Kahramanmaraş’ın Afşin ilçesine bağlı Çoğulhan Mahallesi, her gün bacasından tonlarca kül savuran termik santral nedeniyle hayalet kasabaya döndü.

ANKA

Kahramanmaraş’ın Afşin ve Elbistan ilçeleri, tüm dünyada kömürlü termik santrallerden salınan kükürt dioksit kaynaklı hava kirliliği sıralamasında 5. sırada yer alıyor. İki ayrı termik santralin faaliyette olduğu, kanser ve KOAH gibi hastalıkların her geçen gün arttığı bölgede göçler de sürüyor. Santrallerden savrulan küller, sadece insan sağlığını değil Elbistan Ovası’nın verimli arazilerini de tehdit ediyor.

“ÜÇ TANE ABİMİ KANSER YÜZÜNDEN KAYBETTİM”

“Türkiye’nin Çernobil’i” olarak adlandırılan Afşin’in, termik santralin yanı başındaki Çoğulhan Mahallesi’nin sakinleri, santral nedeniyle yaşadıkları sorunları anlattı.

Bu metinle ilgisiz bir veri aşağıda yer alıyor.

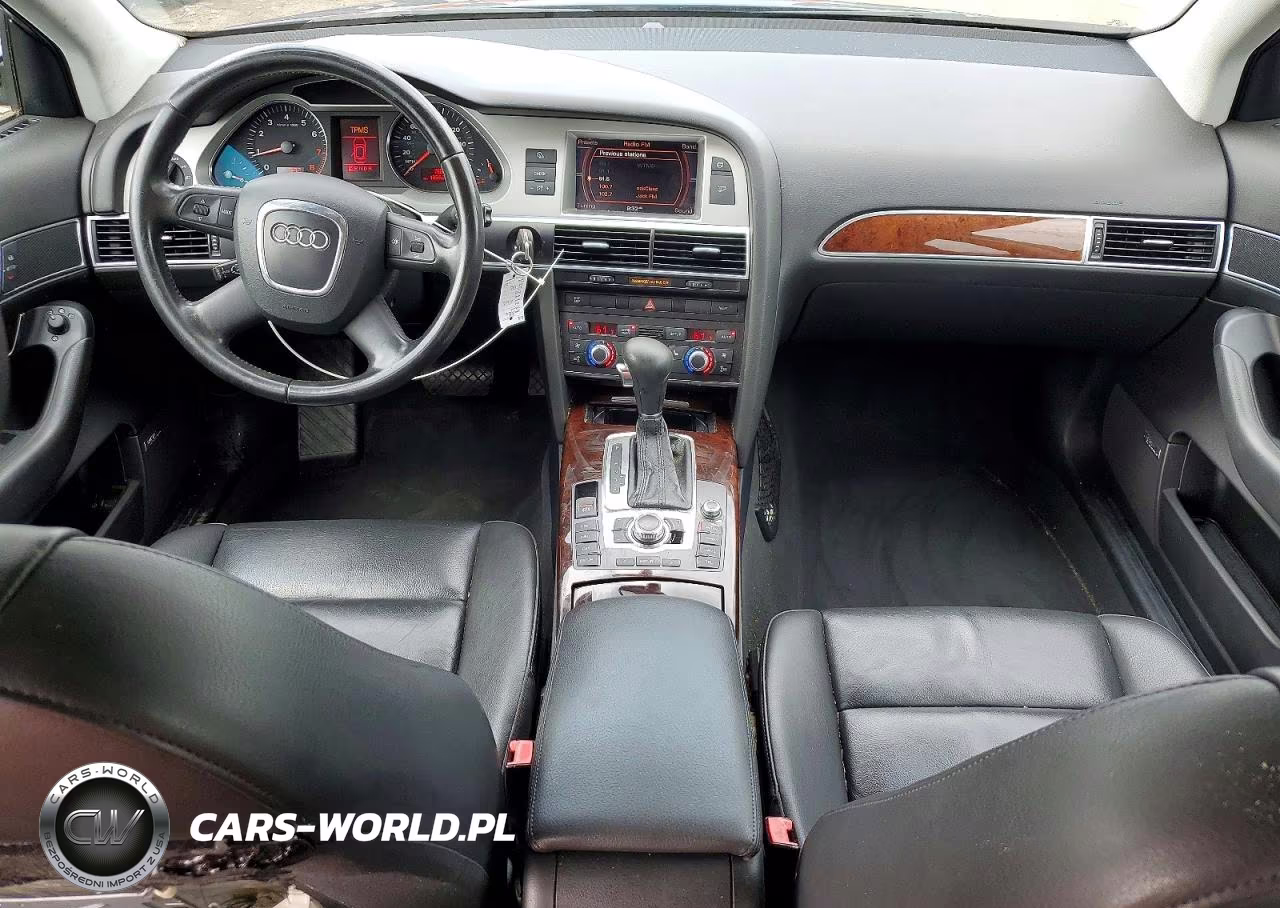 2008 Audi A6 3.2 VIN:WAUAH74F58N025282 - 8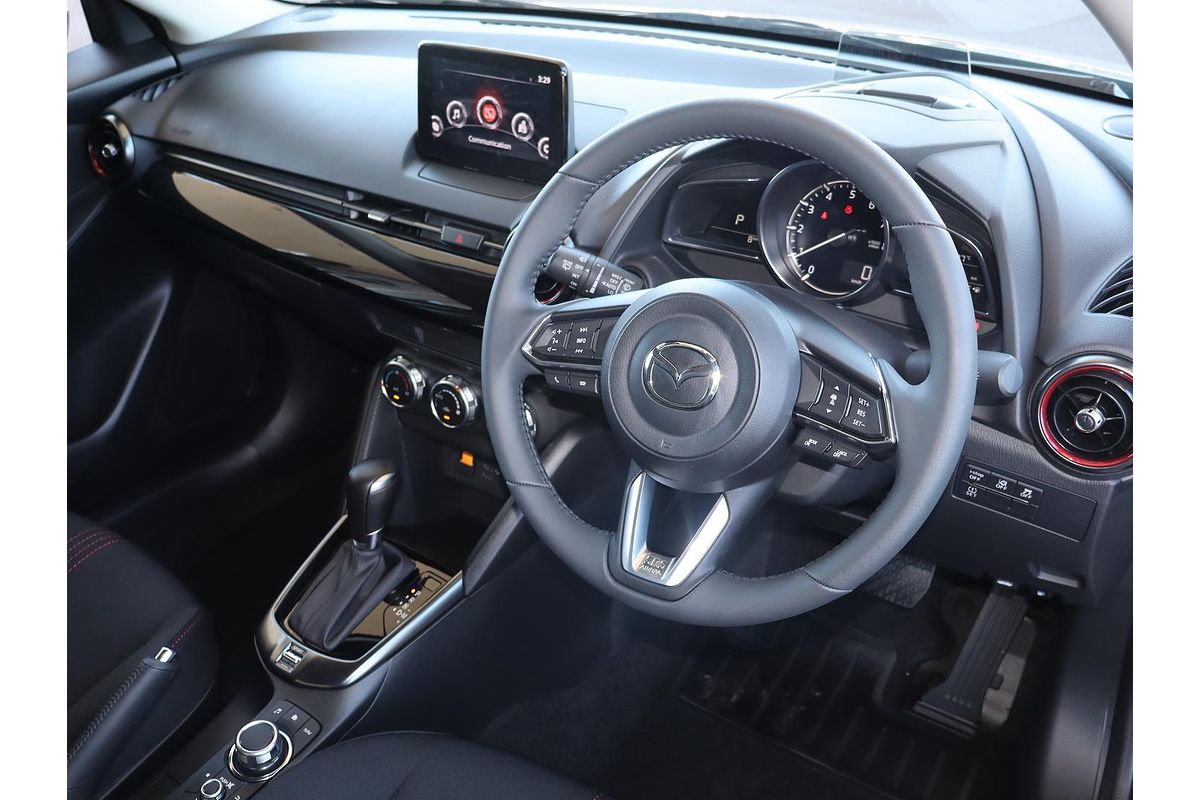 2025 Mazda 2 G15 Evolve DJ Series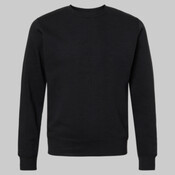 Triblend Fleece Crewneck Sweatshirt
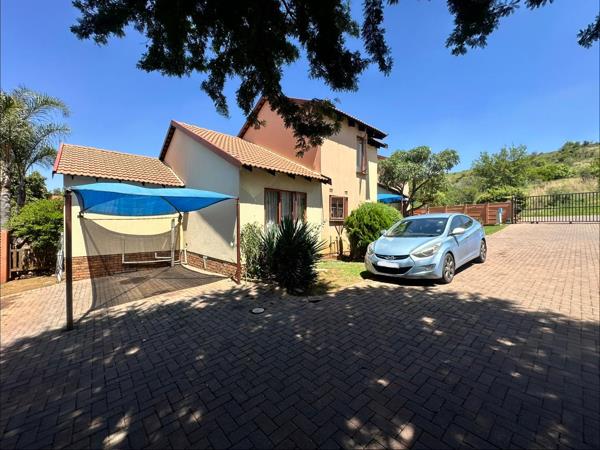 3 Bedroom Townhouse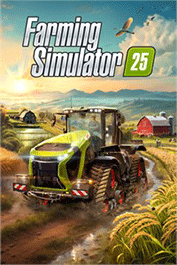نصب بازی Farming Simulator 25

Termik santralde işçi olarak çalışan Nurettin Doğan, “Santralin ilk temeli atıldığında herkeste çok büyük bir umut vardı. Zamanla sağlıklarının elden gideceğinin hiç hesabını yapamadılar. Burayı babalarının arka bahçesi yapmışlar. Millet külden ölmüş, çamaşırlarını serememiş, umurlarında bile değil. Kimse iş korkusu yüzünden sağlık sorununu söyleyemiyor. Ben, üç tane abimi kaybettim. KOAH hastalığından kansere çevirdi, abim vefat etti. Burada kime sorsanız, başta şikayet edeceği kül. Açık cezaevi, kapısının önünde çıkıp oturamıyor” dedi.

“40 SENELİK BİR SANTRALE YENİ BİR SİSTEMLE FİLTRE YAPMAYA KALKIŞTILAR”

Çelikler Holding’e ait A Termik Santral’de çalışan, daha sonra işten atılan işçilerden biri olan Ahmet Tatar ise Çoğulhan Mahallesi’nde yaşadıkları süreci şöyle anlattı:

“Çelikler (Çelikler Holding) geldiğinde ilk girenlerden biriydim. Sekiz ay sonra, kül üzerine sürekli tartıştığım için işten atıldım. 40 senelik bir santrale yeni bir sistemle filtre yapmaya kalkıştılar. Bunun uymayacağını, çalışmayacağını söyledim. Üç sene oldu, daha baca boşta duruyor. Çalıştıramıyorlar. Çalıştırmaya kalktıklarında köyümüz sallanıyor, her yerinden patlak veriyor. ‘Bu santrali aldılar’ deniliyor ama (Çelikler Holding’e devredilmesinden bahsediyor) Çelikler’le bir alakası yok. Mahir Ünal’ın, Bilal Erdoğan’ın, Berat Albayrak’ın ve Mehmet Ağar’ın oğlu; dört ortak olduğu duyumunu alıyoruz. Çeliklerin sadece ismi var. Burada alınan maaş, EÜAŞ (Elektrik Üretim AŞ), bütün alışveriş, giriş-çıkışlar devlet gözetimi altında yapılıyor.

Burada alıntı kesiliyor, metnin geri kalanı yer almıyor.